In Mr. Drager's honor, I just had to make Peter a dapper little bow tie to wear to church on Christmas Eve! This was my first attempt at making a bow for a boy, but I can tell you, if he doesn't protest too much, it also won't be my last bow tie! I looked at a lot of patterns for making bow ties, and all of them used old ties or material, I but really wanted to use the same ribbon I used for Adelae's bow. Here's how I made it!
spool of ribbon
lighter or matches
needle and thread
For a little baby boy, Pete's 10 months old, cut about an 11" length of ribbon. You'll also need a shorter scrap of ribbon; it only needs to be a few inches long. Cut the long piece of ribbon with the "V" shooting out, and singe the edges to avoid fraying. I also used the flame to round off the points of my "Vs".
Fold in the sides of the ribbon to make it a little thinner and give the final product a more realistic bow tie look. To help crease my folds, I held them in place with a few pieces of masking tape (or try pins) and then ironed the folds in place.
Fold the ribbon in thirds with one end on top and the other end sandwiched in the middle. Flip it over, because the fold on top should actually be hidden in the back of the tie.
Starting with your first stitch tucked in the middle of the folded ribbon, run a few vertical stitches down the middle of the tie.
Pull the thread tight to pucker the center of the tie, but don't knot and cut the thread yet.
Secure the center by tightly wrapping the thread around the middle several times, then knot the thread and cut off the excess. Use the shorter scrap piece of ribbon to cover your thread. I tried making this center piece several different ways, but I like it best when knotted. Tie a loose knot in the middle of your scrap ribbon.
Sew the ends together to form a circle Don't worry that the raw edges are showing - just turn your little knotted circle right side out and slip it over your bow tie.
Add a few stitches to the back of the tie to hold the center knotted piece in place. That's it! But how does the tie stay on? Drawing a cord, even a beautiful ribbon, around my son's neck is a sore spot for me! At birth my little Pete almost didn't make it because his cord was tightly knotted and wrapped around his neck twice. The Doctors had never seen a baby with such a knot survive! I'll be taking NO chances with my little miracle!
Instead, I thought about clips or other devices for holding the tie in place, but in the end I decided that my best bet was simply to stitch it on. Four or five quick stitches later, and Pete is one dapper dude! After Christmas I'll snip it off to wash the shirt, and can always sew it on again.

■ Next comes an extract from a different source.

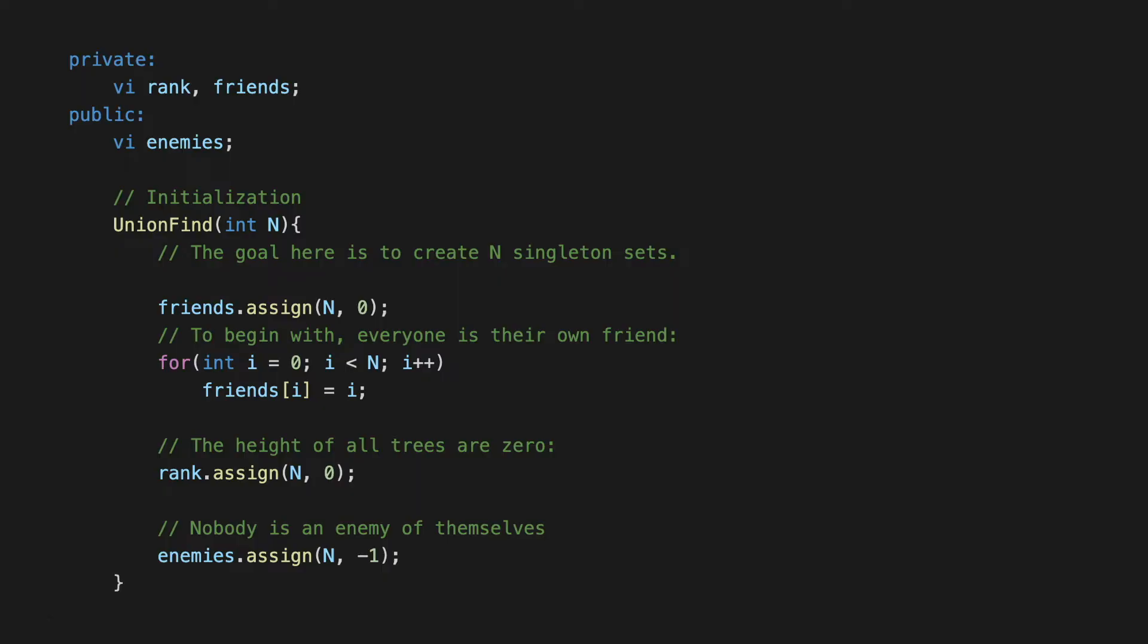The initialization is pretty straightforward. For friends and rank it's as before. In fact, in the problem statement you'll see that it's been made explicit that everybody is a friend of themselves and nobody is their own enemy. The friends are singleton sets to begin with, so that's our standard initialization.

No, I didn't forget about Andy! And, no, he was not willing to wear a bow tie! Accessories for guys are tricky. Bow cuff links? no. Ribbon sock guards? no. A cleverly arranged ribbon pocket square? I didn't think so! In the end, I found a few more little hair clips and covered them with some pieces of ribbon using hot glue. The result?
A coordinating money clip! Traveling over Christmas gets pretty expensive, after all, so why not? Ha!